The $10.3 billion WisdomTree Japan Hedged Equity Fund, which buys stocks listed in Tokyo and shields them against fluctuations in the yen, has plunged 13% this year. That’s more than double losses in the $17.6 billion iShares MSCI Japan ETF, which doesn’t seek to protect against currency risk. With losses mounting, investors have fled for the exit, pulling $2.6 billion, tops among almost 2,000 U.S.-domiciled ETFs.

The performance shows how one of the world’s most profitable trading strategies in recent years has started to backfire. In the last three years, buying Japanese stocks while hedging against losses in the yen proved a winning bet as Prime Minister Shinzo Abe’s efforts to spark the nation’s economy fueled a rush into stocks and weakened the nation’s currency. With the outlook for the world economy worsening to start the year, the trade has soured.

“We’ve seen a lot of that fast money come out of these hedged products this year,” said Will Wall, head trader at Richmond, Va.-based RiverFront Investment Group, which manages more than $5 billion.

WORST HIT

Currency-hedged ETFs are falling out of vogue globally as a two-year rally in the dollar, fueled by the diverging central- bank policies of the U.S., Europe and Japan, looks to be running out of steam. Almost $4 billion has exited exchange-rate protected products this year, after the strategy absorbed $47 billion of inflows in 2015, according to data compiled by Bloomberg.

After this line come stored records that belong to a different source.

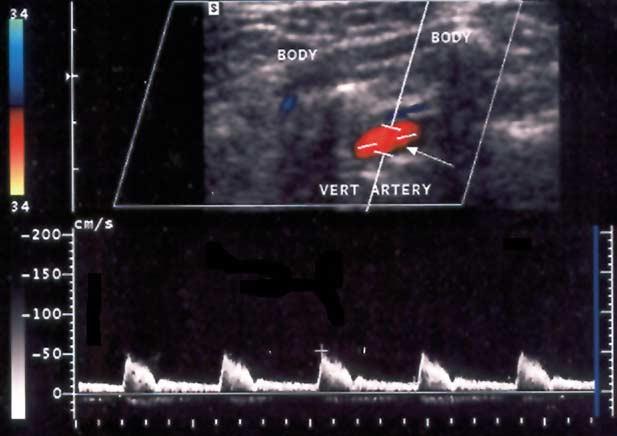 1108 Kalaria et al October 2005 Figure 3 Latent subclavian steal syndrome (partial stenosis) with early systolic deceleration (dip marked by arrows) is reflected in systolic flow portion of Doppler
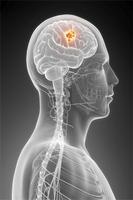 Glioblastoma โปสเตอร์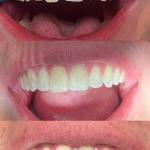 Mountain Ridge Dental Cosmetic Dentist in Bozeman
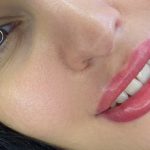 میکروپیگمنتیشن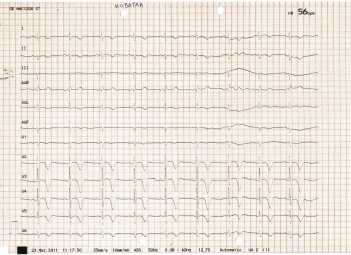 66 y old female with RA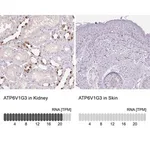 Merck Anti-ATP6V1G3 antibody produced in rabbit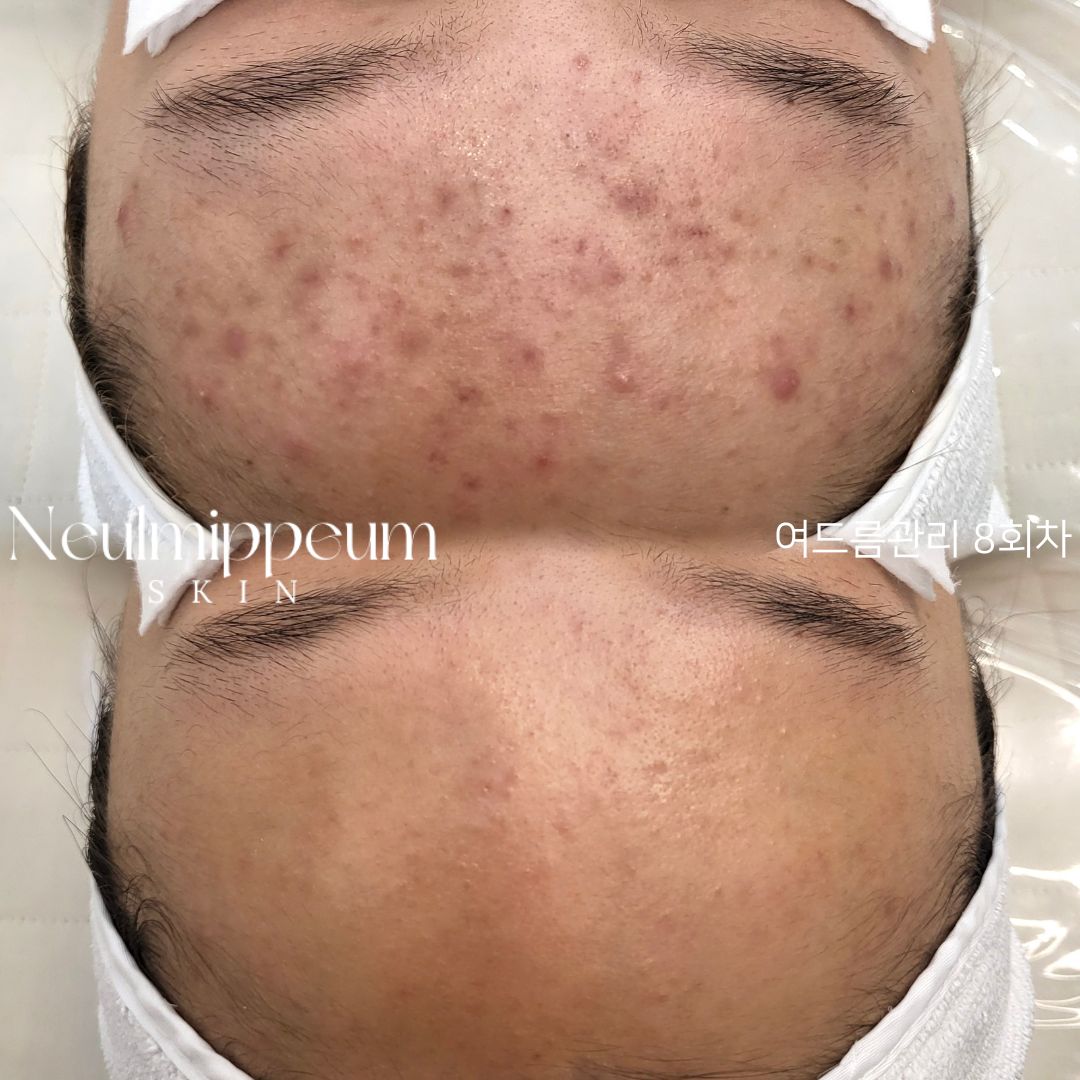 늘미쁨스킨 평택고덕본점 대표 이미지 - 여드름 관리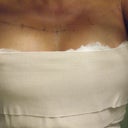 this is the best i could the day after surgery. all wrpped up & no place to go!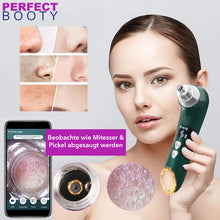 Lade das Bild in den Galerie-Viewer, Video-Porenreiniger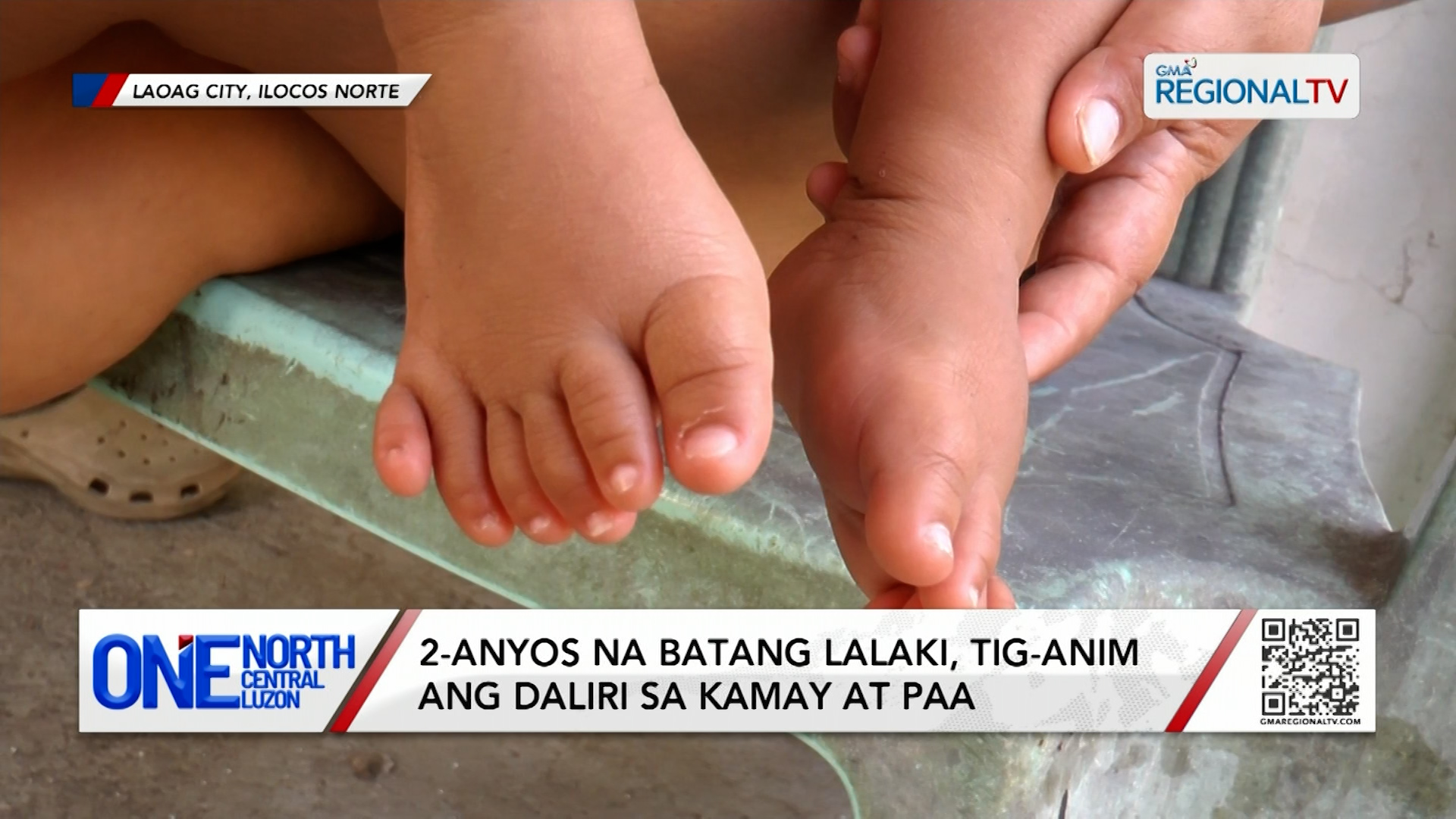 2-anyos na batang lalaki, tig-anim ang daliri sa kamay at paa | One North Central Luzon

Yen-hedged products have borne the brunt of outflows amid the currency’s 7.8% rally versus the greenback this year. The yen touched 110.67 yen per dollar on Thursday, the strongest since October 2014 and 11% higher than than the median three-month forecast of more than 60 analysts surveyed by Bloomberg late last year.

Hedge funds have pivoted from betting against the yen at the start of this year to buying the most futures contracts that benefit from further gains since 2008, data from the Commodity Futures Trading Commission show.

“It’s very hard to make money trading currencies,” said Gary Stringer, chief investment officer at Stringer Asset Management in Memphis, Tenn., which oversees about $315 million. “It sounds great while it’s working, but then you get burnt on it and people are going to shy away.”